Task to carry out | Transcribe the data in full, keeping each line exactly as it appears.

** Opening Data section block **

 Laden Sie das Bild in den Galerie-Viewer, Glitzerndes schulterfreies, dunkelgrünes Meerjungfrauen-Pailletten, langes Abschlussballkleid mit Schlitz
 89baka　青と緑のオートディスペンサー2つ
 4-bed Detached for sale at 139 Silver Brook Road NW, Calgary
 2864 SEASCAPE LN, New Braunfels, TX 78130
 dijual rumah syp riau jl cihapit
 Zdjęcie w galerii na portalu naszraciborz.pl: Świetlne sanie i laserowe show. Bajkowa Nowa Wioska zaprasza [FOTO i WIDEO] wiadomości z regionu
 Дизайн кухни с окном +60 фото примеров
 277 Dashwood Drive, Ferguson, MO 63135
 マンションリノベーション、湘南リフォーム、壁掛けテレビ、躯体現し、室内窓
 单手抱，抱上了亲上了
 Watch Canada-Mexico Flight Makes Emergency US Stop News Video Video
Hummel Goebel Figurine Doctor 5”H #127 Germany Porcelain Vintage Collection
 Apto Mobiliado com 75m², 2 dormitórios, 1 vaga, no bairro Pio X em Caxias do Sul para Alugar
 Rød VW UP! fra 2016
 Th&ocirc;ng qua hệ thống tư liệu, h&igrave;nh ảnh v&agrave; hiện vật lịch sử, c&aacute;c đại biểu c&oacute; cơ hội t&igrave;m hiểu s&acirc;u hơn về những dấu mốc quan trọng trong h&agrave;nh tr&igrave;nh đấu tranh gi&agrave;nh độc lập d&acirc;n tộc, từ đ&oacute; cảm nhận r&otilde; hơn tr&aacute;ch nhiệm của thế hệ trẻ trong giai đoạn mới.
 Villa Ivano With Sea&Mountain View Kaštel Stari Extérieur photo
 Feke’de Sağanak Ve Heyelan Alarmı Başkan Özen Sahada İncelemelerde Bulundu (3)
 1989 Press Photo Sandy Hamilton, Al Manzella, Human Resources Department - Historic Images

** Closing Data section block **

Task result |
 Laden Sie das Bild in den Galerie-Viewer, Glitzerndes schulterfreies, dunkelgrünes Meerjungfrauen-Pailletten, langes Abschlussballkleid mit Schlitz
 89baka　青と緑のオートディスペンサー2つ
 4-bed Detached for sale at 139 Silver Brook Road NW, Calgary
 2864 SEASCAPE LN, New Braunfels, TX 78130
 dijual rumah syp riau jl cihapit
 Zdjęcie w galerii na portalu naszraciborz.pl: Świetlne sanie i laserowe show. Bajkowa Nowa Wioska zaprasza [FOTO i WIDEO] wiadomości z regionu
 Дизайн кухни с окном +60 фото примеров
 277 Dashwood Drive, Ferguson, MO 63135
 マンションリノベーション、湘南リフォーム、壁掛けテレビ、躯体現し、室内窓
 单手抱，抱上了亲上了
 Watch Canada-Mexico Flight Makes Emergency US Stop News Video Video
Hummel Goebel Figurine Doctor 5”H #127 Germany Porcelain Vintage Collection
 Apto Mobiliado com 75m², 2 dormitórios, 1 vaga, no bairro Pio X em Caxias do Sul para Alugar
 Rød VW UP! fra 2016
 Th&ocirc;ng qua hệ thống tư liệu, h&igrave;nh ảnh v&agrave; hiện vật lịch sử, c&aacute;c đại biểu c&oacute; cơ hội t&igrave;m hiểu s&acirc;u hơn về những dấu mốc quan trọng trong h&agrave;nh tr&igrave;nh đấu tranh gi&agrave;nh độc lập d&acirc;n tộc, từ đ&oacute; cảm nhận r&otilde; hơn tr&aacute;ch nhiệm của thế hệ trẻ trong giai đoạn mới.
 Villa Ivano With Sea&Mountain View Kaštel Stari Extérieur photo
 Feke’de Sağanak Ve Heyelan Alarmı Başkan Özen Sahada İncelemelerde Bulundu (3)
 1989 Press Photo Sandy Hamilton, Al Manzella, Human Resources Department - Historic Images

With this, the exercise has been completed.